Avant toute chose, il est bien plus simple et efficace de prendre directement contact avec notre association pour faire le point sur votre situation. Vous pouvez joindre l’association défense permis de 9h à 19h du lundi au vendredi, par téléphone au 04 77 25 02 08, par e-mail à l’adresse Cette adresse e-mail est protégée contre les robots spammeurs. Vous devez activer le JavaScript pour la visualiser. , ou en vous rendant à notre agence au 68 rue Rouget de Lisle, Saint-Etienne.

Nos conseillés pourront vous apporter une réponse personnalisée et trouver avec vous une solution efficace à votre problème, comme c’est déjà le cas avec nos 2500 adhérents.

Si malgré tout vous souhaitez dans un premier temps vous contenter de trouver quelques éléments de réponse, voici un dossier complet relatif aux possibles conséquences du retrait du permis de conduire sur votre emploi.

Préambule :

Différentes contraintes obligent aujourd’hui les salariés à posséder le permis de conduire. L’éloignement habitation – travail, le prix exorbitant des transports, les contraintes d’horaires et les déplacements professionnels sont autant de raisons qui poussent à conduire.

A côté de ça, les autorités développent une réelle volonté de répression de l’automobiliste, et les pertes de points sur le permis de conduire sont de plus en plus faciles à enchainer.

Dans ce contexte, la perte du pouvoir de conduire suite à une annulation, une suspension, ou une invalidation du permis de conduire est souvent vécue comme un drame pour les détenteurs du permis de conduire.

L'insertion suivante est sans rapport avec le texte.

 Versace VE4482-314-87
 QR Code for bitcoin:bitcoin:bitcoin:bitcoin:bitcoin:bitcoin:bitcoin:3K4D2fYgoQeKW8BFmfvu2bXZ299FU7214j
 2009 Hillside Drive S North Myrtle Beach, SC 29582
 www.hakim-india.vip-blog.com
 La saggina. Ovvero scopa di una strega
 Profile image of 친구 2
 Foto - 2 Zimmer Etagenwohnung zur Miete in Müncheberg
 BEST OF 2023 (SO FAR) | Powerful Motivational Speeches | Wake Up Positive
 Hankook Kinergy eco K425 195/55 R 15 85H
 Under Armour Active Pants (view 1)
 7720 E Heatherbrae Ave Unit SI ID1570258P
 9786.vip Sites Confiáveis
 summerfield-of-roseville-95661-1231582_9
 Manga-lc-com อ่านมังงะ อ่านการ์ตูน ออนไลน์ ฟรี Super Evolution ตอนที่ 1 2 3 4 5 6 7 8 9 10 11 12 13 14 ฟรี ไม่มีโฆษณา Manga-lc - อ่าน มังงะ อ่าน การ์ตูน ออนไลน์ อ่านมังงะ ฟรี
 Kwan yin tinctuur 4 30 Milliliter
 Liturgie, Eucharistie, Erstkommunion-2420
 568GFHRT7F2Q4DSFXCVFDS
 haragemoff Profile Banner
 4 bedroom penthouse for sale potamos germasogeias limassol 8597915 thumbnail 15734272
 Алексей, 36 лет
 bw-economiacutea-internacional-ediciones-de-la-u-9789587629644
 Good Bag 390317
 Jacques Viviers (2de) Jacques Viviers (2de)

Beaucoup de personnes se disent qu’elles vont immédiatement perdre leur emploi si leur employeur l’apprend et que « de toute façon, je n’ai pas le choix je conduirai quand même ! »

L’association défense permis va s’efforcer d’apporter toutes les réponses à vos interrogations au travers de ce dossier spécial consacré aux conséquences d’une annulation, invalidation ou suspension du permis de conduire sur l’emploi exercé.

Bien comprendre les différentes problématiques liées au retrait du permis de conduire

Il est important de s’attarder sur la définition de chacun de ces termes, car les conséquences vis-à-vis du permis de conduire ne sont pas les mêmes.
La suspension du permis de conduire, c’est le retrait du permis pendant plus d’un mois. L’automobiliste ne sera pas autorisé à conduire pendant cette période, mais au terme de la suspension, il retrouvera le droit de prendre le volant.

Exemple suspension :

Monsieur Dupont vient de commettre un excès de vitesse de plus de 40 km/h (il a été enregistré à une vitesse de 172 km/h alors que la limite était fixée à 130 km/h).
Dans ce cas, en plus de l’amende, son permis va être suspendu pour une durée pouvant aller jusqu’à trois ans. Mais après la suspension, on lui restituera son permis.

A l’inverse, l’annulation et l’invalidation du permis de conduire impliquent que le permis de conduire cesse d’exister. Les causes ne sont pas les mêmes, l’invalidation intervenant lorsque le solde de points du permis est nul et l’annulation à la suite d’une décision judiciaire, mais le résultat demeure le même : il faudra se soumettre à un examen médical puis repasser à nouveau les épreuves du permis de conduire pour reprendre le volant.

Exemple invalidation :

Mme Jean, conductrice depuis cinq ans, a fait un petit excès de vitesse, 10 km/h au dessus de la limite autorisée.
Quelques temps plus tard, elle reçoit chez elle une lettre recommandée avec accusé de réception contenant une référence 48 SI, qui lui indique que son solde de points est à présent à zéro et que son permis est invalidé.

Mme Jean, après avoir rendu son permis de conduire en préfecture, devra passer une visite médicale et attendre six mois avant de pouvoir repasser l’examen du permis de conduire, ici seulement le Code.

Remarque : Dans la même situation, Kevin B., jeune conducteur qui n’avait son permis que depuis un an (permis probatoire), devra repasser à la fois le code et l’épreuve de conduite.

Exemple annulation :

M. George L. n’a pas renouvelé l’assurance de sa voiture.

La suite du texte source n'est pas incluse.